College of Saint Bonaventure
From the Catholic Encyclopedia
At Quaracchi, near Florence, Italy, famous as the centre of literary activity in the Order of Friars Minor, was founded 14 July, 1879, by Mgr. Bernardino del Vago, Archbishop of Sardis, then minister general of the order. The first director and superior of the college was Father Fidelis of Fauna, under whose scholarly and energetic management the new edition of the works of St. Bonaventure was inaugurated. Upon his death in 1881, Father Fidelis was succeeded by Ignatius Jeiler, of the province of Saxony.
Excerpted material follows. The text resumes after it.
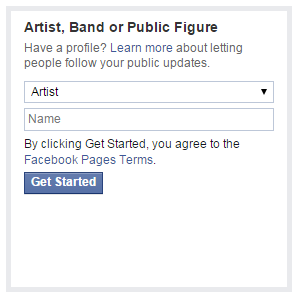 Artist, band or public figure selection on Facebook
Besides being a man of profound piety, Father Jeiler possessed an intimate knowledge of scholastic philosophy and theology, especially that of St. Bonaventure, and was thus eminently fitted to take up the work of his predecessor. Two years before his death in 1904 Father Jeiler was succeeded by Leonard Lemmens, already well-known for his many contributions to Franciscan history. The series of works that have in recent years been published at Quaracchi, and edited by the "Patres editores", as they are usually called, have gained for them an enviable reputation for critical scholarship. Foremost among these, besides the "Opera Omnia" of St. Bonaventure, is the "Analecta Franciscana", edited in greatest part by Quinctianus Muller, O.F.M. (d. 1902), which contains a collection of chronicles relating to the early history of the order and of which four volumes have thus far (1885-1907) appeared. Besides these, the "Bibliotheca Franciscana scholastica medii aevi", of which three volumes have been published (1903-04), and the "Bibliotheca Franciscana ascetica medii aevi", inaugurated in 1904 with a critical edition of the writings of St. Francis, have placed the student of medieval literature under heavy obligations to the Quaracchi friars. As well as continuing the "Annales" of Wadding, the twenty-fifth volume of which appeared in 1899, the Fathers of the college have edited a number of other publications of a purely devotional and literary character. In 1903 a new critical edition of the work of Alexander of Hales was undertaken, which is to be followed by the other Franciscan scholastics. The "Acta Ordinis", a monthly in Latin, and the official organ of the order, and the new "Archivum Franciscano-Historicum", are published at Quaracchi.
St. Anthony's Almanac (1906); CARMICHAEL in The Month (Jan., 1904).